Yine de bu bayramın ön hazırlığı Erhan Köknar ve Fehmi Koru sayesinde mutlulukla dolu oldu. Gazete ve televizyonların yöneticileri Başbakan Erdoğan'ın iftarında siyaset konuşurlarken, ben Emirgân Beyaz Köşk'te Dr. Ahmet Çoban yönetimindeki Hicaz Faslı'nı dinlemekteydim.
Sonra sololar bölümünde Eda Karaytuğ "Bülbül Kasidesi"ni söylemeye başlayınca, yine eski yıllara takıldım.

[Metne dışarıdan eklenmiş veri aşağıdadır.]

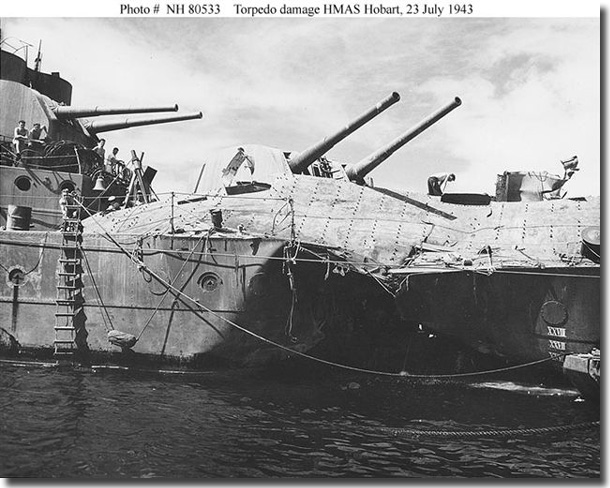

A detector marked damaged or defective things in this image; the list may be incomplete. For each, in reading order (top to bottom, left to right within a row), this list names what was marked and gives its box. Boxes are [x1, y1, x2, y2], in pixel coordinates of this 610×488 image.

torpedo damage hole [196, 272, 222, 292]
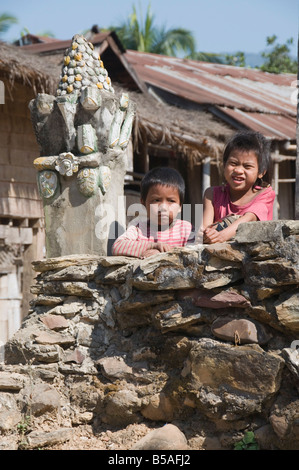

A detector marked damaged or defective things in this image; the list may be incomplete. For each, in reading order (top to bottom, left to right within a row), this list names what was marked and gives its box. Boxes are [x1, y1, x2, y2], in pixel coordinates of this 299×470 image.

rusty metal roof [125, 50, 298, 141]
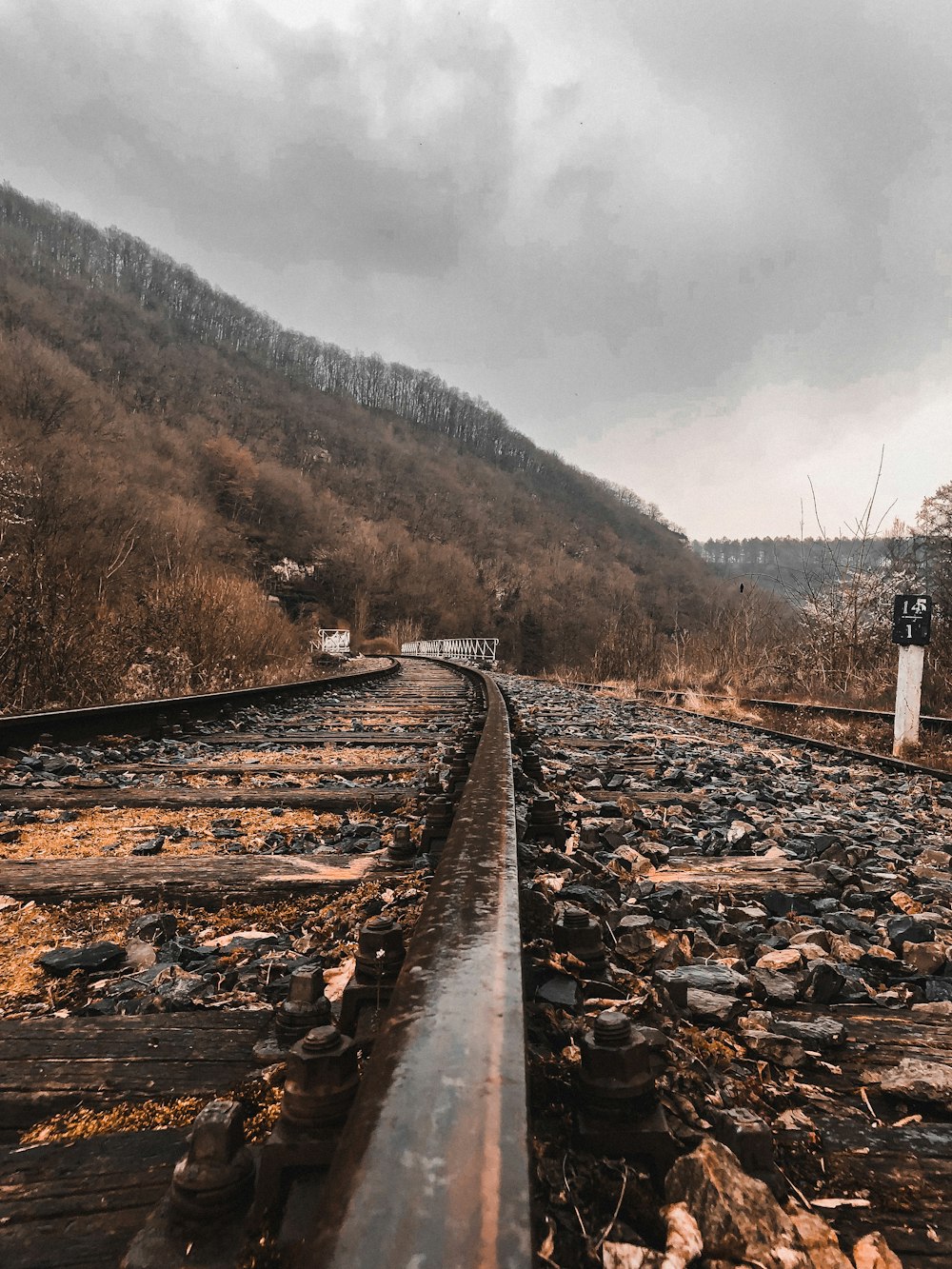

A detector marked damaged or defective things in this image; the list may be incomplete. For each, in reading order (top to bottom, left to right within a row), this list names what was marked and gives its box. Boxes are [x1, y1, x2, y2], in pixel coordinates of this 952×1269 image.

rusty metal surface [0, 660, 398, 745]
rusty metal surface [298, 669, 533, 1263]
rusty rail [298, 664, 533, 1269]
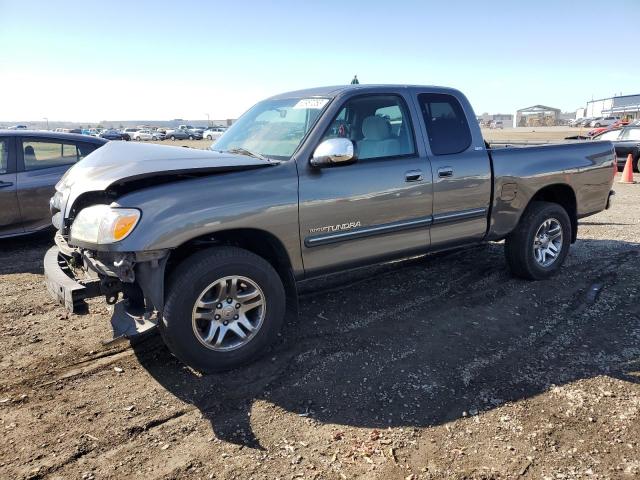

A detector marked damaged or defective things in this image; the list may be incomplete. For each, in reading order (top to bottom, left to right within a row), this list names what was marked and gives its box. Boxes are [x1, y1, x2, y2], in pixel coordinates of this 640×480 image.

crumpled hood [55, 142, 276, 218]
damaged front bumper [45, 237, 170, 342]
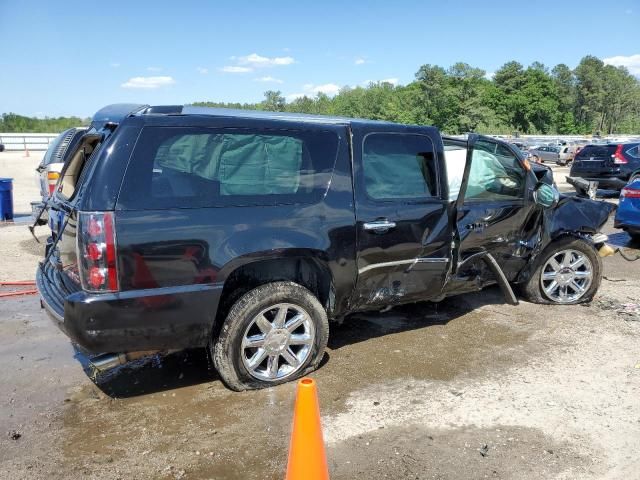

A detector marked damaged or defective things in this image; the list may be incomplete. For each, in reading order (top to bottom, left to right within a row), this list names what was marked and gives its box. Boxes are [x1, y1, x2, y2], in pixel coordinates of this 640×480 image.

damaged black suv [36, 105, 616, 390]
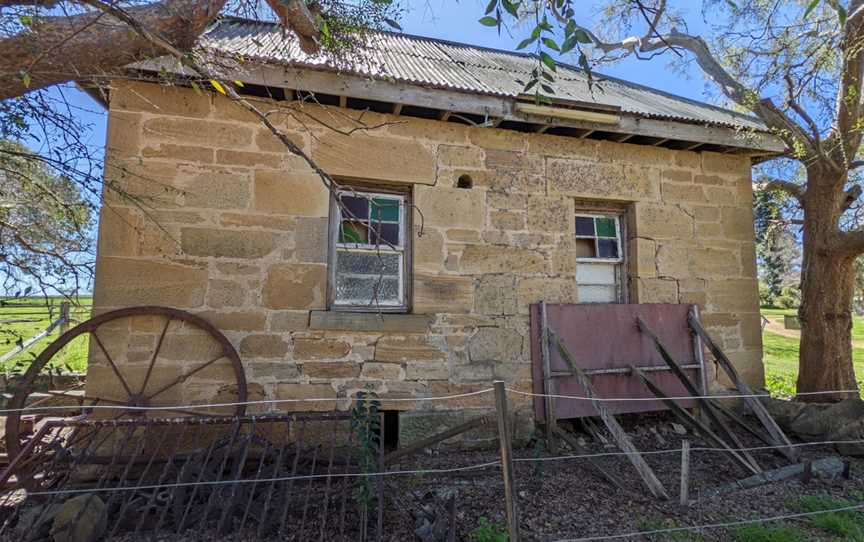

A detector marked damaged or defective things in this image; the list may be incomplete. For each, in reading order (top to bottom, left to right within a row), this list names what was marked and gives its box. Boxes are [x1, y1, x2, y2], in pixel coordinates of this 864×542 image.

broken window [330, 189, 412, 312]
broken window [576, 214, 624, 306]
rusty wagon wheel [5, 308, 248, 462]
rusty metal sheet [528, 304, 704, 422]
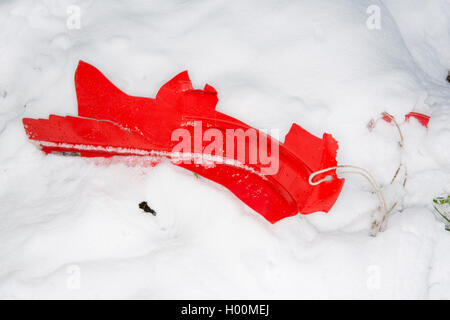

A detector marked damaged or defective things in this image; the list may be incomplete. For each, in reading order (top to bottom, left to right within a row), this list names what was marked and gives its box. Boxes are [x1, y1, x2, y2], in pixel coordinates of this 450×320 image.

broken red plastic sled [22, 60, 344, 222]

Bülbül Kasidesi'ni ilk kez rahmetli Bülbül Hoca'dan (İsmail Doruk) dinlemiştim.
Sonra Mine Koşan'ın yorumuna takıldım.
Çile bülbülüm çile
Şimdi bu yazıyı yazarken de iPodumdaki "Bülbül"lü şarkı, türkü ve besteleri dinliyorum.
Böylece bazılarını yakından tanıdığım, bazılarına da uzaktan hayranlık duyduğum yorumcularla birlikte bayram yaşıyormuşuz gibi hissediyorum kendimi.

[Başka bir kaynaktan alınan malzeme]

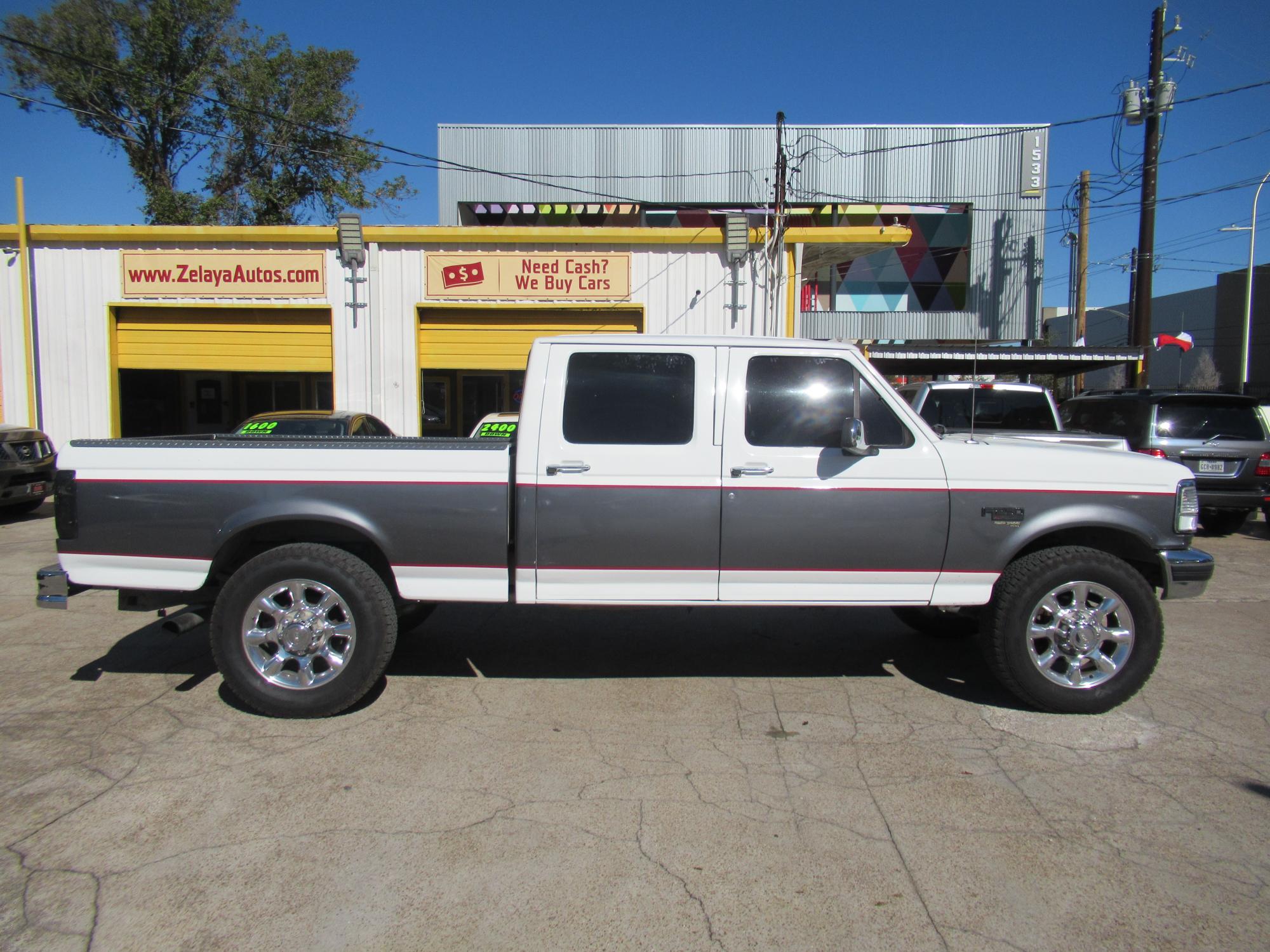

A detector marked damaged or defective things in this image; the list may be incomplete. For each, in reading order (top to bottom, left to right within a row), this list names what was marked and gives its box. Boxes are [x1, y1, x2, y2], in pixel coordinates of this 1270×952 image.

cracked pavement [2, 503, 1270, 949]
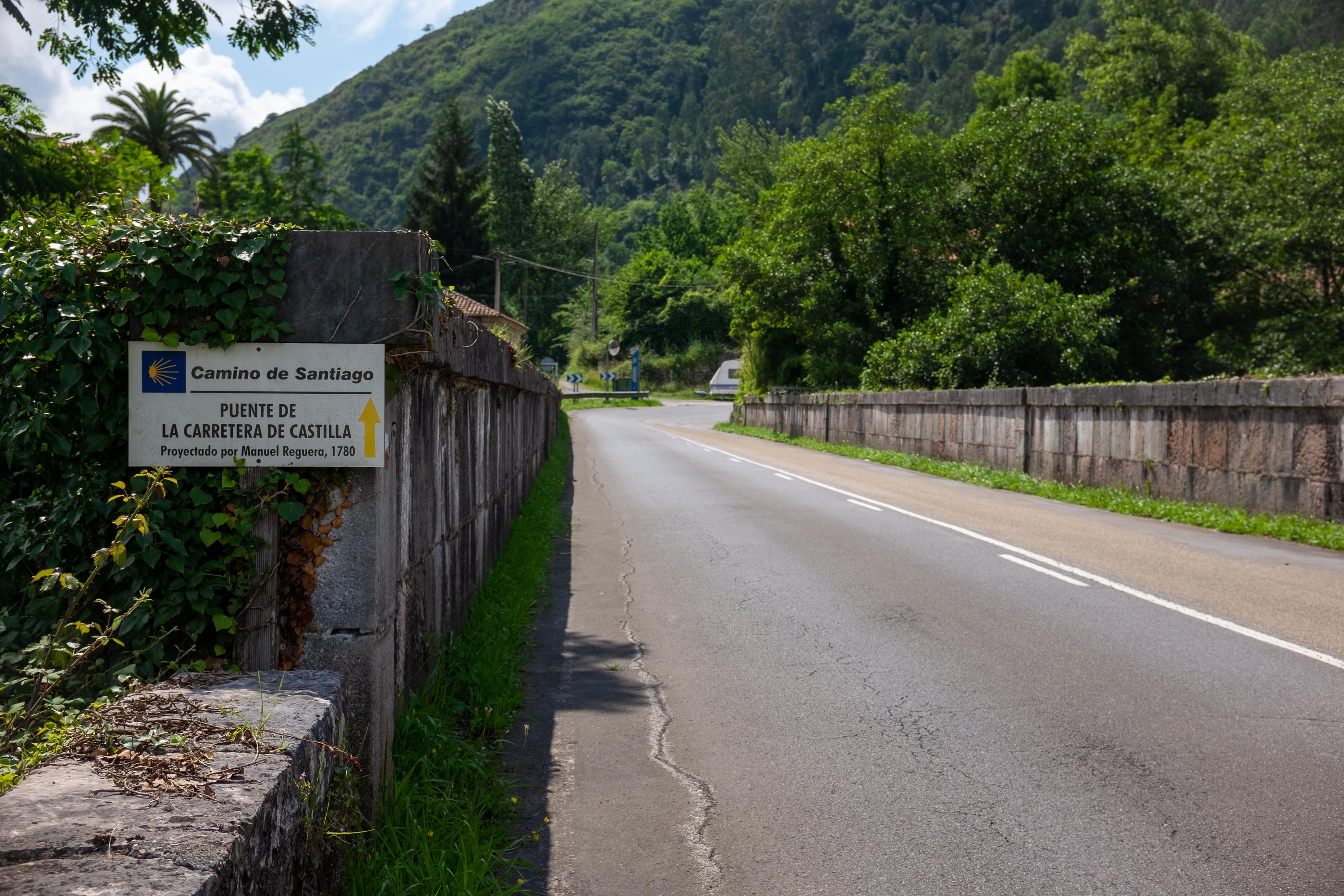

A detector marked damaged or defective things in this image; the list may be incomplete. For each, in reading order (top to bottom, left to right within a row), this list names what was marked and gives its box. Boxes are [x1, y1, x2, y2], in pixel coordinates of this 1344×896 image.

cracked asphalt [519, 403, 1344, 892]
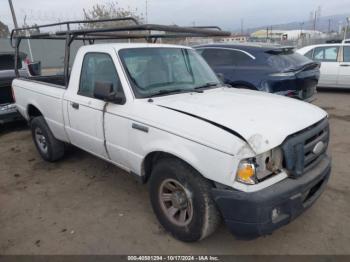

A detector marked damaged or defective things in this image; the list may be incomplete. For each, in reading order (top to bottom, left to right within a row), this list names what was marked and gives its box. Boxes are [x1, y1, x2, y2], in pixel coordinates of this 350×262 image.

crumpled hood [154, 87, 326, 155]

Mesela sevgili Alaeddin Yavaşça'dan kendi bestesi "Artık bu solan bahçede bülbüllere yer yok"u, özlemle andığım Bekir Sıtkı Sezgin'den Dede Efendi'nin "Bu gece ben yine bülbülleri hamuş ettim" ini, kristal sesli İnci Çayırlı'dan Emin Ongan'ın "Bülbül gibi her şam-ı seher nalelerin var"ını, baba evimin devamlı konuğu Münir Nurettin Selçuk'tan Lemi Atlı'nın "Bülbül-i şeydaya döndüm"ünü, sesine de sohbetine de doyamadığım Necmi Rıza Ahıskan'dan Zekai Dede'nin "Bülbül gibi pür oldu cihan nağmelerinden"ini dinliyorum.

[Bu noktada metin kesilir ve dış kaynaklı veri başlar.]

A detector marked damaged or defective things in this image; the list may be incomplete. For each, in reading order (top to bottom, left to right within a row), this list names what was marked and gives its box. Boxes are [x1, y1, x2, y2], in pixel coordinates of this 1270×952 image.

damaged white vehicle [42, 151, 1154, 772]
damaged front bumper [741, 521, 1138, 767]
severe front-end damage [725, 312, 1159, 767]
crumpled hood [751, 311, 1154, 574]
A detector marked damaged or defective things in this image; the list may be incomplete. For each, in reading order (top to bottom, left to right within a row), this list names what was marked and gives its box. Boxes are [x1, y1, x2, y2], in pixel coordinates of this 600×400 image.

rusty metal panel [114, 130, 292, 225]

Yazının sonuna gelirken eşsiz yorumcu Tülün Korman, Hacı Arif Bey'in "Bülbül yetişir bağrımı hûn etti figanın"ı söylüyordu. Arkasından da Aşık Veysel'den "Bülbül" ü dinleyecektim:
"Ötme bülbül ötme
Derdi derde katma
Bir dert de sen etme
Benim derdim bana yeter"
Siz sayın okurlarıma mutlu, bir bayram diliyorum.